> DIRECTIONS FOR THIS TASK
Could you give the data below again exactly, apart from the pictures?

> SOURCE MATERIAL
-*-

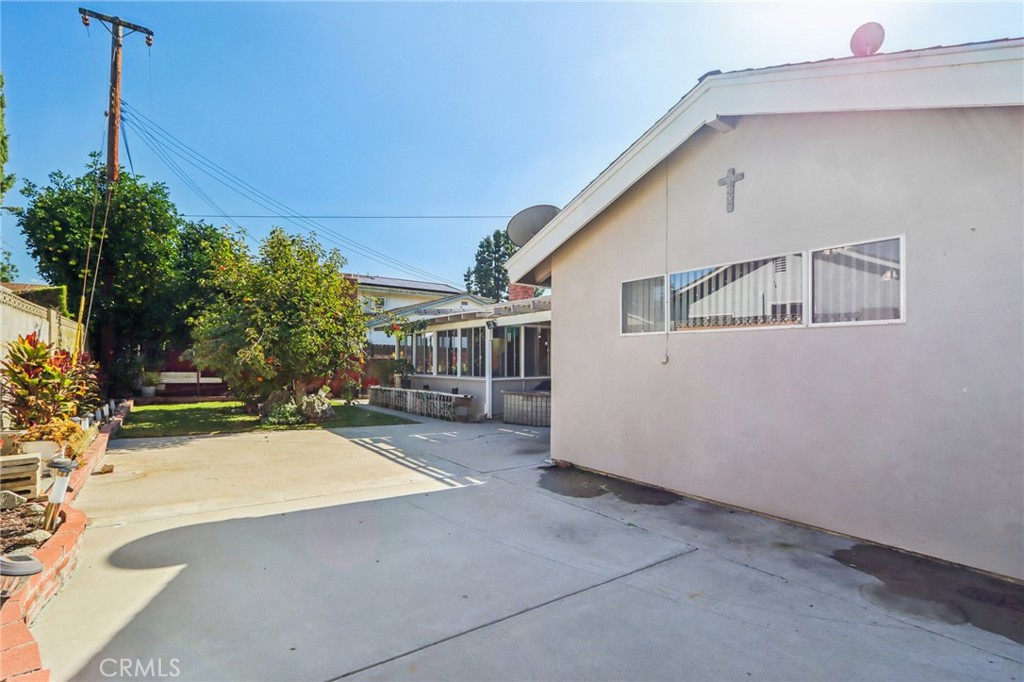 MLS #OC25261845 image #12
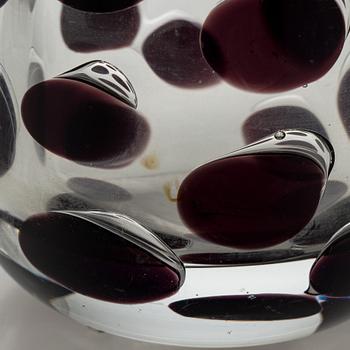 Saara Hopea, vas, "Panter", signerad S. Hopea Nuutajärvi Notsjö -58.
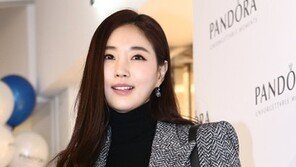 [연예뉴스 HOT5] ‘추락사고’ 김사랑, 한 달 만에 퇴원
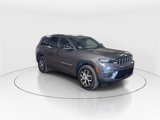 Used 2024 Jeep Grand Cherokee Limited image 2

-*-

> SOLUTION TO THE PROBLEM
 MLS #OC25261845 image #12
 Saara Hopea, vas, "Panter", signerad S. Hopea Nuutajärvi Notsjö -58.
 [연예뉴스 HOT5] ‘추락사고’ 김사랑, 한 달 만에 퇴원
 Used 2024 Jeep Grand Cherokee Limited image 2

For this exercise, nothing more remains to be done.